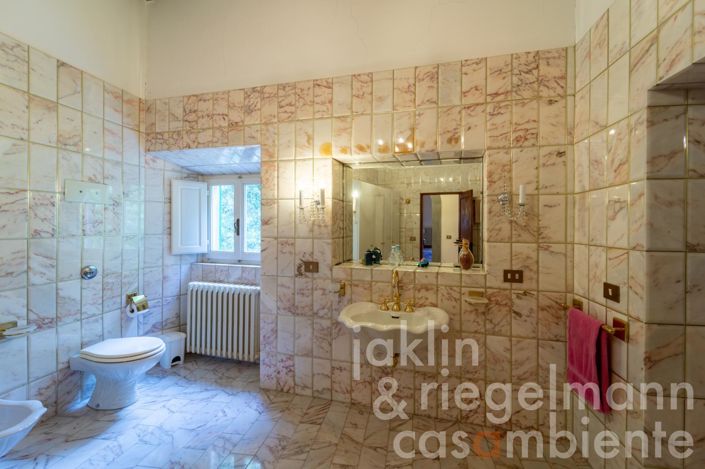 Image No.97-10 Bed Villa for sale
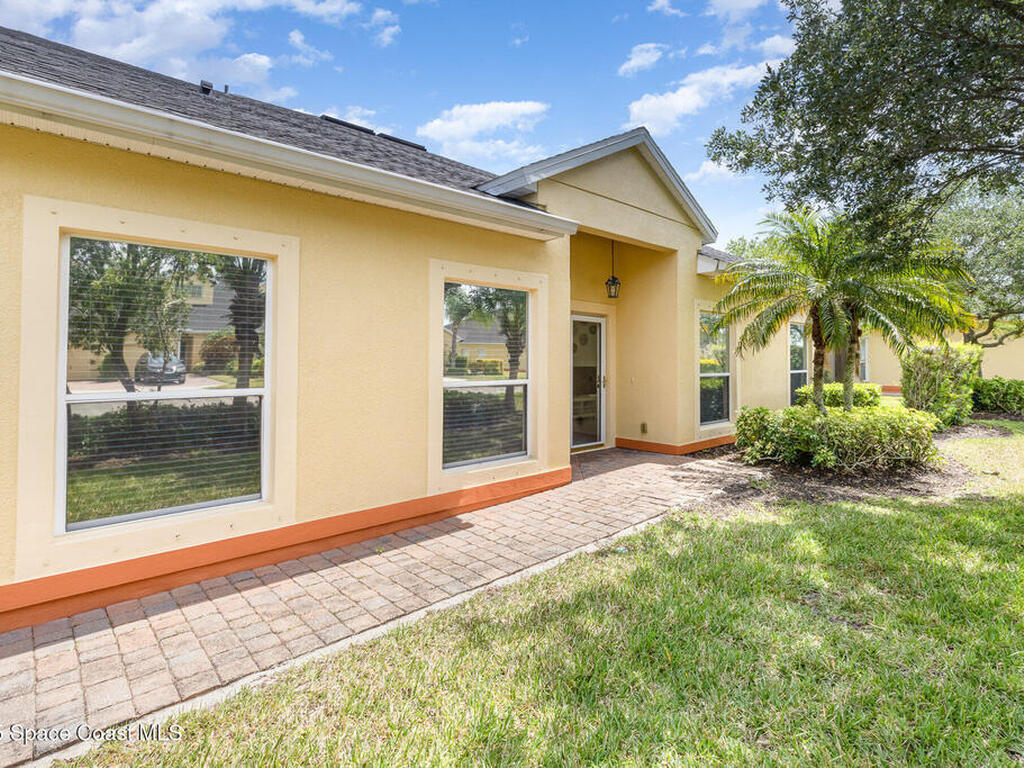 2500 Camberly Circle, Melbourne, FL 32940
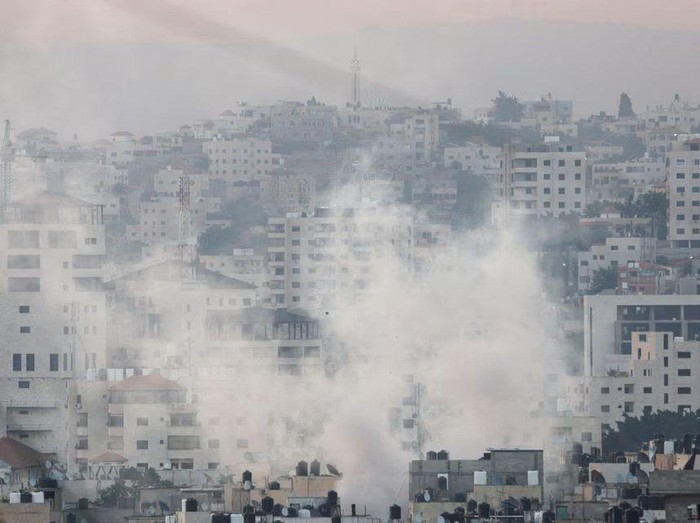 Smoke rises during an Israeli military operation, in the Israeli-occupied West Bank July 3, 2023. REUTERS/Mohamad Torokman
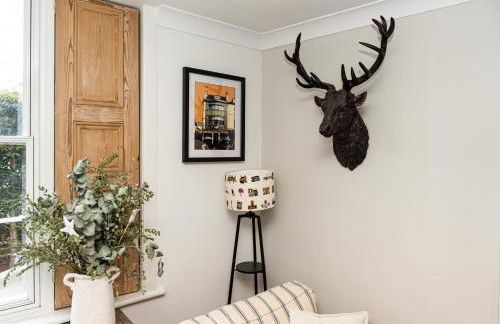 Central Stamford Apartment with private parking - Foto 27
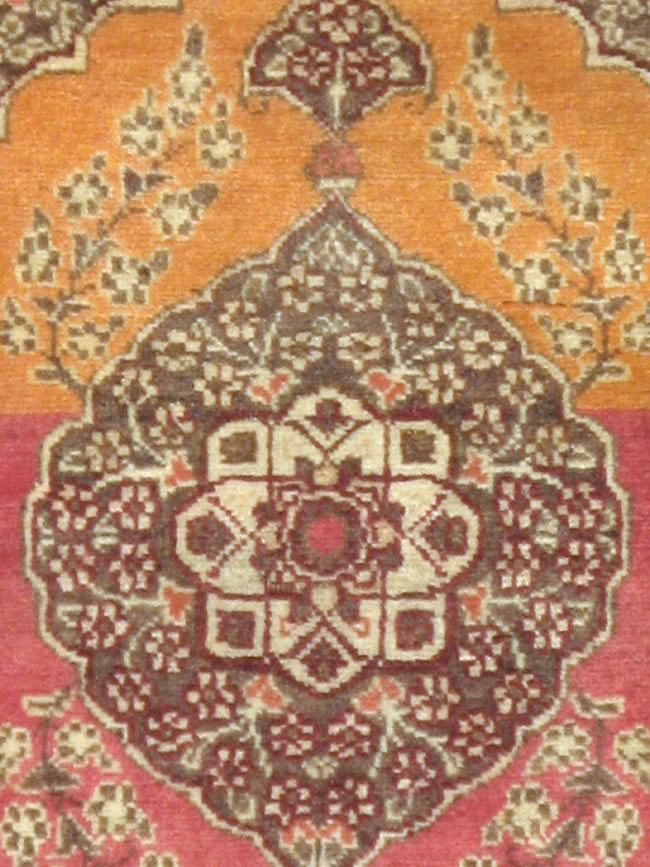 Antique Persian Tabriz Rug, No.16297 - Staging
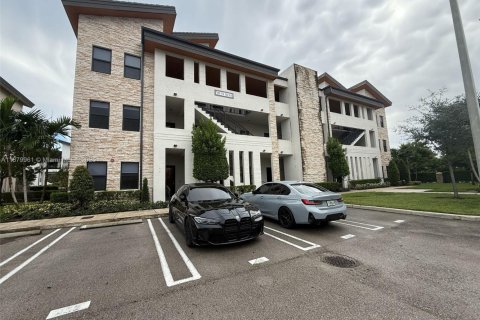 Condo in Doral, Florida, 3 bedrooms  № 1932032 - photo 1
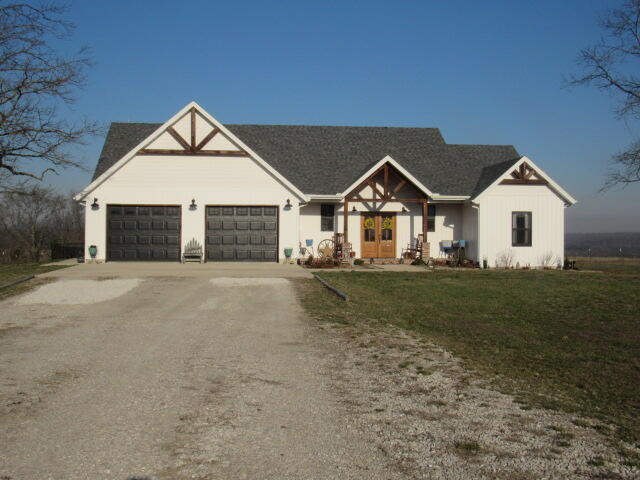2799 Sparks Road Property Photo 1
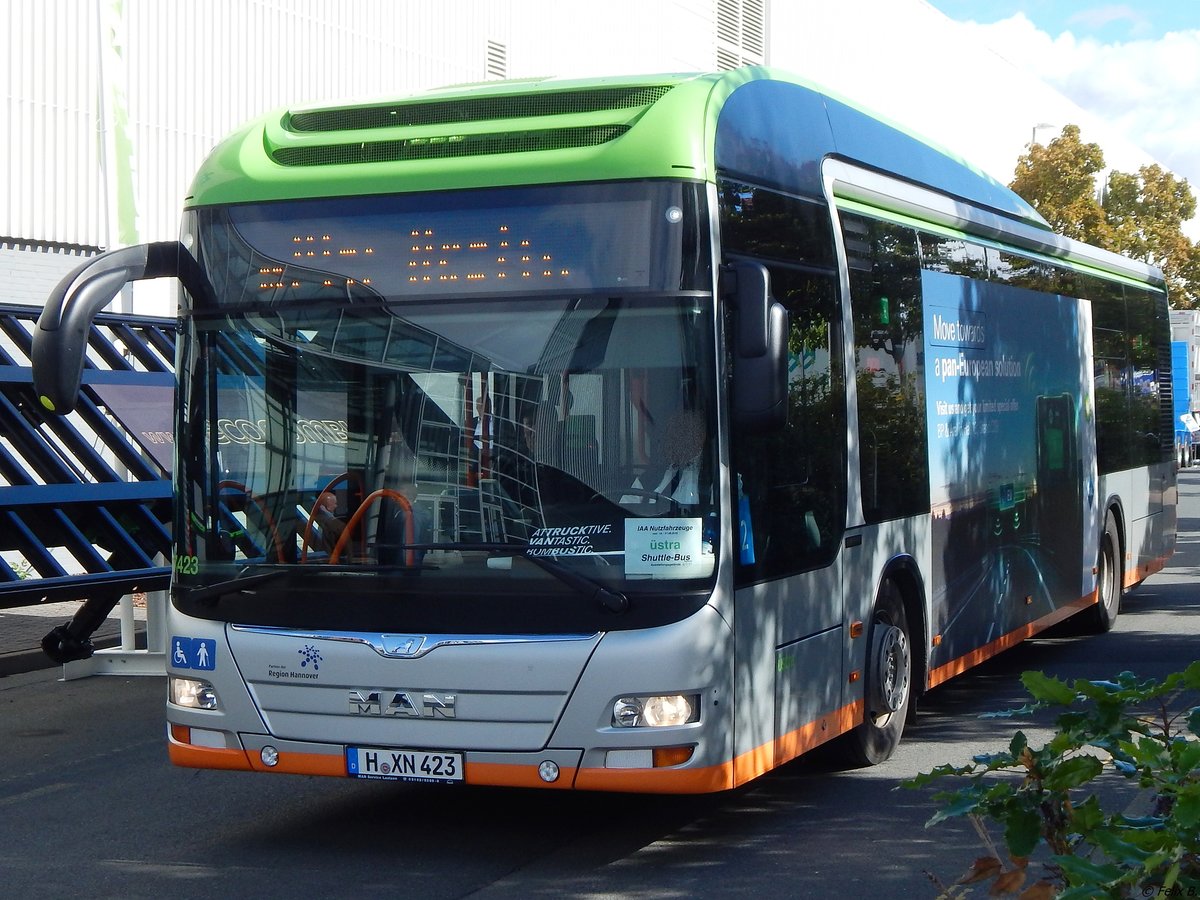 MAN Lion's City Hybrid der ÜSTRA in Hannover auf der IAA.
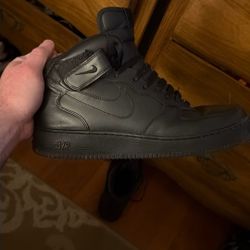 Men’s Nike Air Force 1s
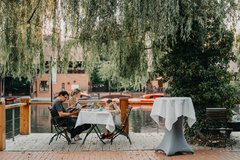 Restaurant Szene mit Familie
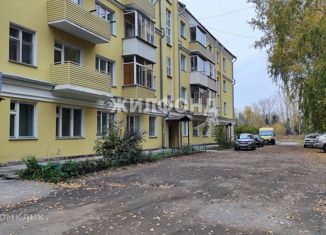 Продам 2-ком. квартиру, 47 м2, Обь, улица Военный Городок, 112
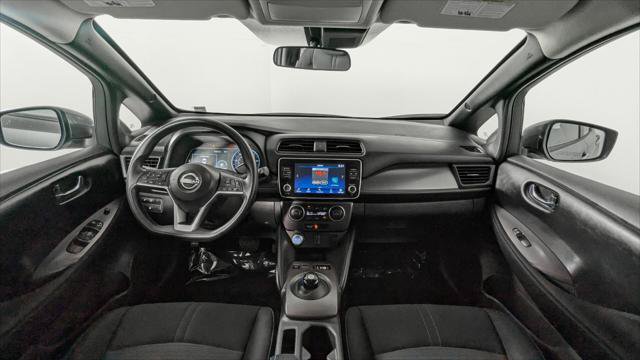 Used 2025 Nissan Leaf S FWD image 31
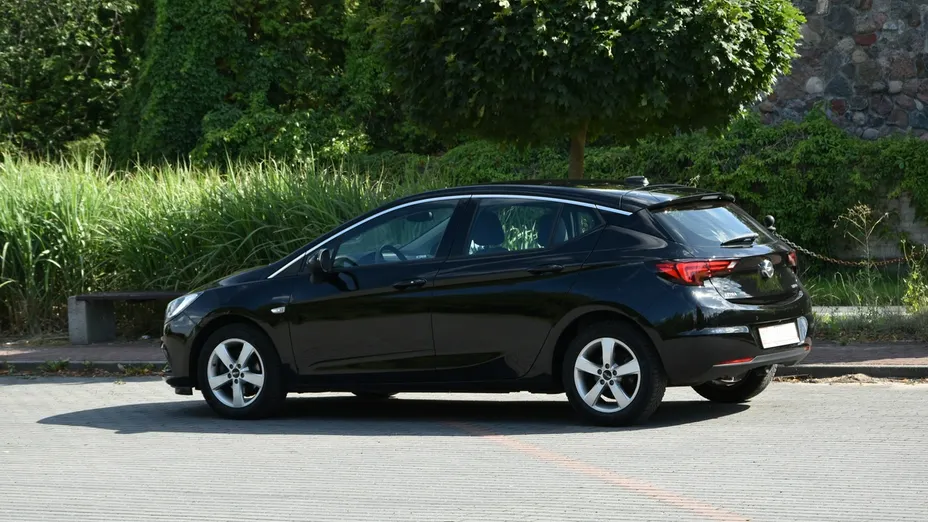 OPEL Astra -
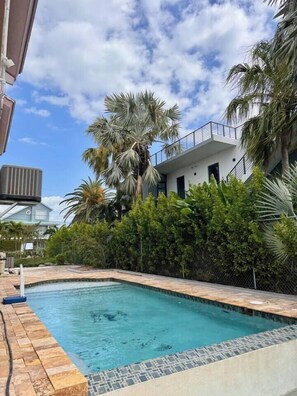 Piscina a l'aire lliure 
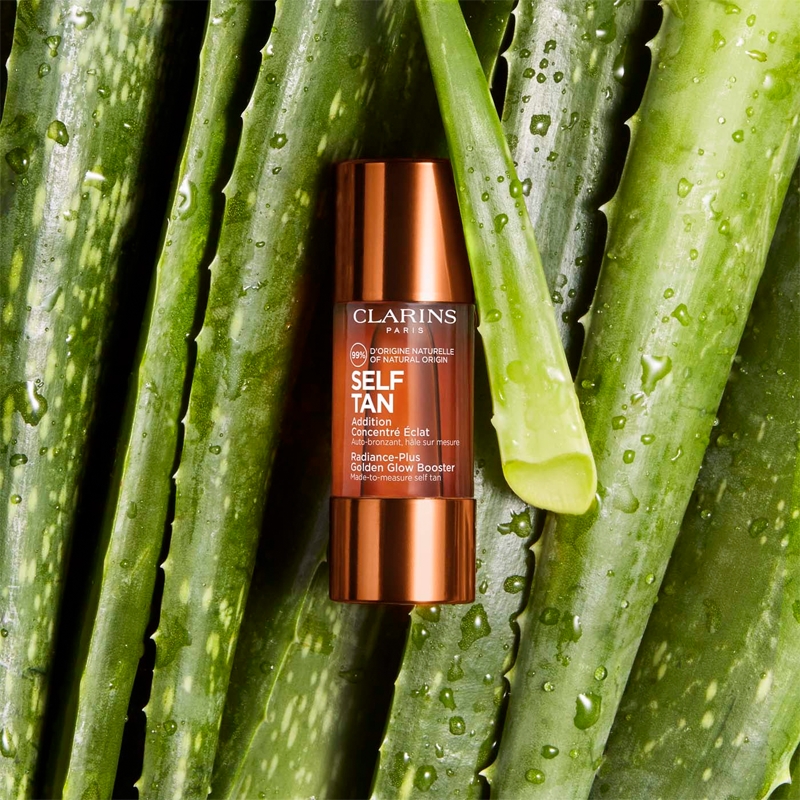 Self Tan Radiance-Plus Golden Glow Booster Лосьон-автозагар для лица Clarins, 15 мл — фото 2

About this exercise => Return the records above in their entirety, word for word, with the pictures removed.

Expected output =>
 Image No.97-10 Bed Villa for sale
 2500 Camberly Circle, Melbourne, FL 32940
 Smoke rises during an Israeli military operation, in the Israeli-occupied West Bank July 3, 2023. REUTERS/Mohamad Torokman
 Central Stamford Apartment with private parking - Foto 27
 Antique Persian Tabriz Rug, No.16297 - Staging
 Condo in Doral, Florida, 3 bedrooms  № 1932032 - photo 1
2799 Sparks Road Property Photo 1
 MAN Lion's City Hybrid der ÜSTRA in Hannover auf der IAA.
 Men’s Nike Air Force 1s
 Restaurant Szene mit Familie
 Продам 2-ком. квартиру, 47 м2, Обь, улица Военный Городок, 112
 Used 2025 Nissan Leaf S FWD image 31
 OPEL Astra -
 Piscina a l'aire lliure 
 Self Tan Radiance-Plus Golden Glow Booster Лосьон-автозагар для лица Clarins, 15 мл — фото 2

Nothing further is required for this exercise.